Information shown:
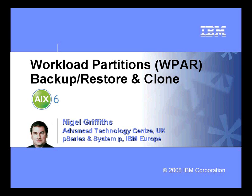Hi, I'm Nigel Griffiths. I work in the Advanced Technology Centre in the UK, part of IBM Europe.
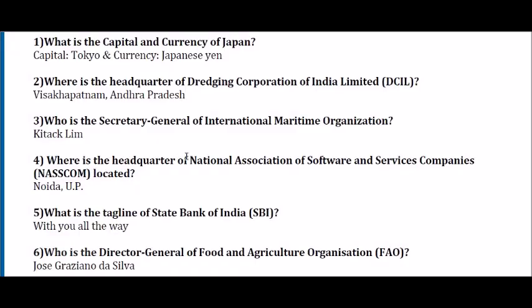First: What is the capital and currency of Japan? Capital is Tokyo and currency is Japanese Yen. Second: Where is the headquarter of Dredging Corporation of India Limited? Vishakhapatnam, Andhra Pradesh. Third: Who is the Secretary General of Indian Maritime Organization? Kitak Lim.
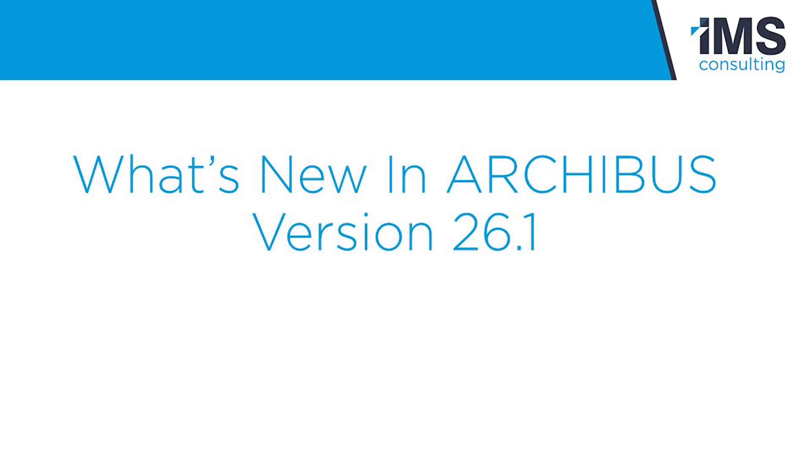Hello and welcome to this IMS Consulting webinar where we'll explore what's new in Archibus version 26.1. If you have any questions about Archibus version 26.1 or any other questions, please don't hesitate to reach out to us.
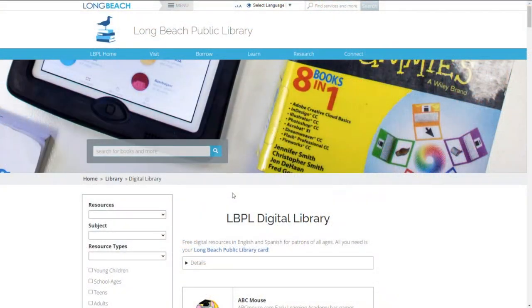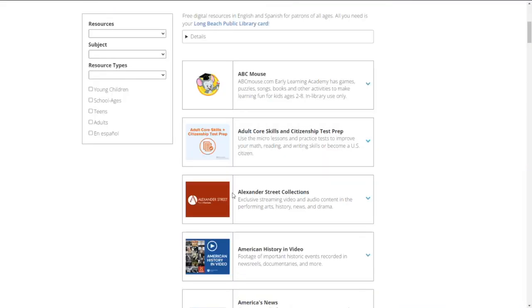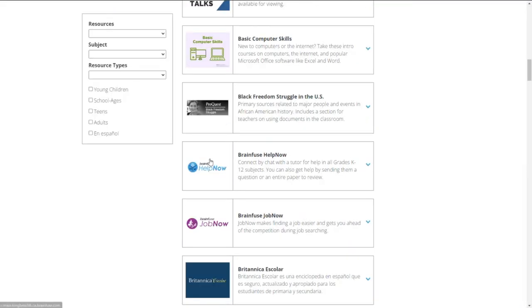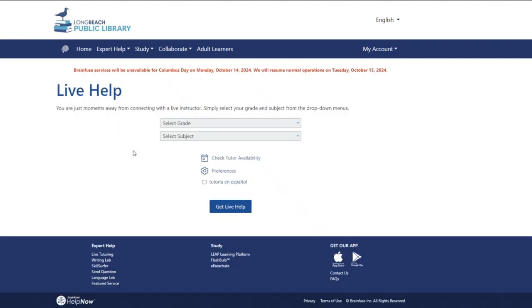Visit the Digital Library page on our website and click here to get started with a live tutoring session. The average wait time is 23 seconds.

What you are asked to do: Everything from the line that contains "Hello and welcome" to the final line of the data is to be duplicated exactly, both ends included, except the pictures.

Answer to the problem:
Hello and welcome to this IMS Consulting webinar where we'll explore what's new in Archibus version 26.1. If you have any questions about Archibus version 26.1 or any other questions, please don't hesitate to reach out to us.
Visit the Digital Library page on our website and click here to get started with a live tutoring session. The average wait time is 23 seconds.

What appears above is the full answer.